● Instructions to follow:
Every line of the material is to be returned verbatim. Pictures stay out.

● Information provided:
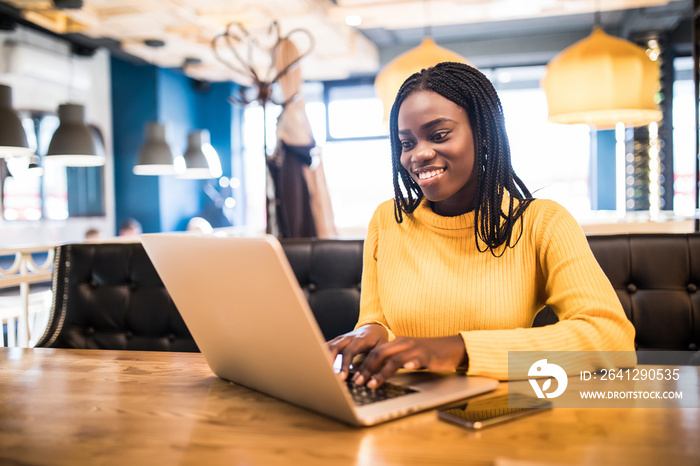 African american woman with laptop and phone in a cafe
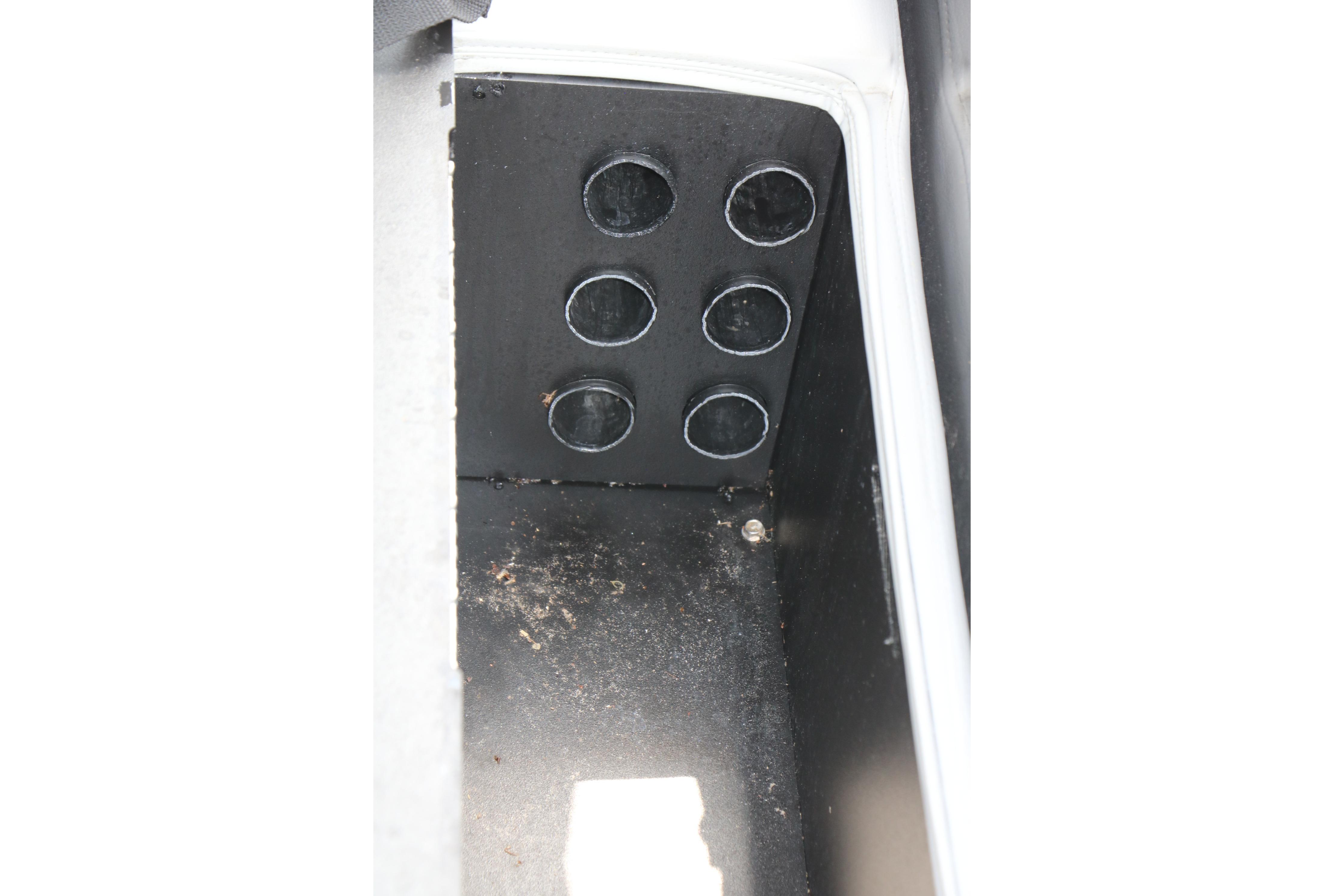 Interior compartment of 2021 Ranger 223FC boat with circular storage slots.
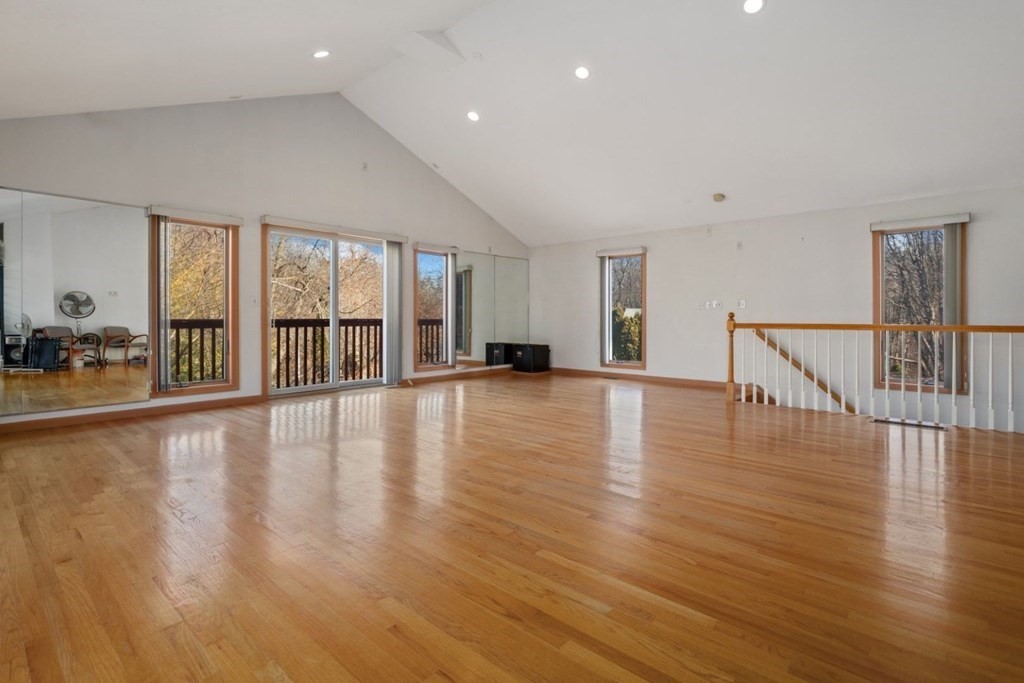 1 Hammersmith Drive Saugus, MA 01906 - Photo 6 of 39 a view of an empty room with wooden floor and a large window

● Output of the exercise:
 African american woman with laptop and phone in a cafe
 Interior compartment of 2021 Ranger 223FC boat with circular storage slots.
 1 Hammersmith Drive Saugus, MA 01906 - Photo 6 of 39 a view of an empty room with wooden floor and a large window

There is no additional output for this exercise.